Vergessene Überlieferungen: Was die simpliciores fratres, die „einfacheren Brüder“, noch sahen: das Blut des Zacharias zwischen Tempel und Altar

Das Monument, das heute in Jerusalem noch am ehesten an den Hl. Zacharias erinnert, ist der Pyramiden-Monolith im Kidrontal. Es gibt aber viel ältere christliche Zacharias-Überlieferungen, die mit dem Tempelberg verbunden sind und in vielen Pilgerberichten eine Rolle spielen, nicht zuletzt die Spuren seines Blutes. Aber: Um welchen Zacharias geht es dabei eigentlich?

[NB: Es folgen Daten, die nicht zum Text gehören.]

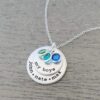 My Boys Necklace // Personalized Necklace with Kids Names and Birthstones // Hand Stamped Jewelry // Custom Necklace for Mom of Boys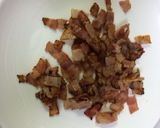 キャベツ ベーコン ツナの一味唐辛子スパ作り方2写真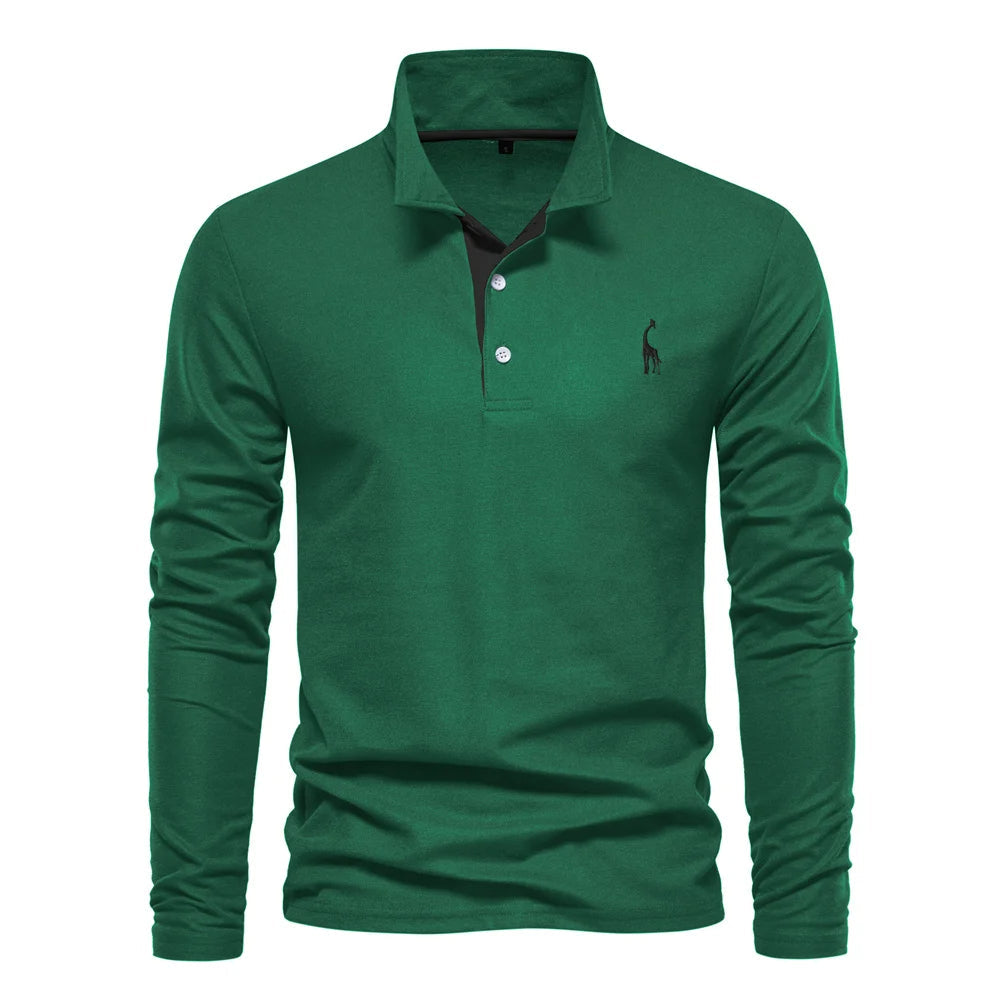 Maglia polo elegante a manica lunga da uomo: una combinazione di stile e comfort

Der Kirchenlehrer Hieronymus (347-420 n. Chr.), der einen Großteil seines Lebens in Bethlehem verbrachte, wo er starb und begraben wurde, erinnert an eine besondere christliche Überlieferung auf dem Jerusalemer Tempelberg. In seinem Matthäus-Kommentar erwähnt er, dass die „einfacheren Brüder (simpliciores fratres) zwischen den Ruinen des Tempels und des Altares oder bei den Ausgängen der Tore, die nach Siloa führen, rote Steine zeigen und meinen, sie seien vom Blut des Zacharias befleckt“. Er legt ein Wort aus der Rede Jesu im Tempel bei Matthäus aus, dem zufolge die Pharisäer und Schriftgelehrten – zu ihrem eigenen Unheil – die ihnen gesandten Propheten ermorden werden, wie es zuvor schon ihre Väter getan haben (Mt 23,34f.; vgl. Lk 11,50f.):

34. Darum siehe, ich sende Propheten, Weise und Schriftgelehrte zu euch; ihr aber werdet einige von ihnen töten und kreuzigen, andere in euren Synagogen auspeitschen und von Stadt zu Stadt verfolgen. 35. So wird all das unschuldige Blut über euch kommen, das auf Erden vergossen worden ist, vom Blut Abels, des Gerechten, bis zum Blut des Zacharias, Barachias Sohn, den ihr zwischen dem Tempelgebäude und dem Altar ermordet habt.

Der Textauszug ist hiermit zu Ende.